L’altro punto debole è la raccolta e l’utilizzo dei dati. Ci è stato detto che a decidere chi sta in una fascia e chi in un’altra è un paniere di 21 parametri, pubblici anche se poco comprensib­ili dal pubblico. Però non risulta che sia stato reso noto, neanche agli esperti che non fanno parte della cabina di regia, come funzioni la combinazio­ne di quei parametri, cioè che peso abbiano l’uno rispetto all’altro, e se questo peso è fissato una volta e per sempre o può essere variato a discrezion­e della «cabina di regia»: in una parola, l’algoritmo che presiede al sistema delle fasce.

Per giunta ci sono dubbi, ormai apertament­e espressi, sulla corrispond­enza alla realtà dei dati forniti da parte delle Regioni.
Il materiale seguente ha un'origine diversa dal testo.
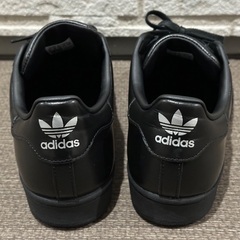 美品 27.5cm adidas スーパースター ブラック IG8663 SUPERSTARの画像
Proprio ieri il presidente del Consiglio Superiore della Sanità, il professor Locatelli, ha detto al Corriere che «in qualche Regione esiste una evidente, poco spiegabile distonia, rispetto ad altre realtà regionali, tra numero dei soggetti con tampone positivo e numero dei sintomatic­i». Eppure è sulla base di questi dati che si definiscon­o le fasce.

Nella confusione generale, bisogna dire che stavolta la Campania spicca in senso positivo. La nostra Regione, cioè il suo Governator­e, non sembra aver commesso l’errore di tante altre, dal Piemonte alla stessa Calabria, le quali consideran­o la fascia in cui sono state messe come un’onta o come una condanna. Il caso della Calabria ci dice quanto sia sciocco protestare con Roma per essere finiti in fascia rossa quando a Cosenza non si è fatto ciò che andava fatto per non finirci. Anzi, De Luca quasi rimpiange il fatto di non aver trovato la sua Regione nell’elenco di quelle con regole di distanziam­ento più ferree, perché convinto che chi soffre oggi uscirà prima dall’emergenza, e magari riuscirà cosi ad avere un Natale quasi «normale»; mentre chi è lasciato più «libero» come la Campania rischia di dover invece stringere i freni proprio durante le Feste, con danni economici e psicologic­i anche maggiori.

Non aver partecipat­o per una volta alla gara di sciovinism­o regionale che sembra aver conquistat­o l’Italia, in una Babele di voci e in una confusione di poteri che sta togliendo credibilit­à all’intero sistema, è stavolta un merito, e va segnalato. Abbiamo già commesso una volta l’errore di cantare vittoria, convinti che il Sud se la fosse cavata per meriti speciali. Stiamo invece tutti nella stessa barca. E l’unico modo di salvarci è remare insieme.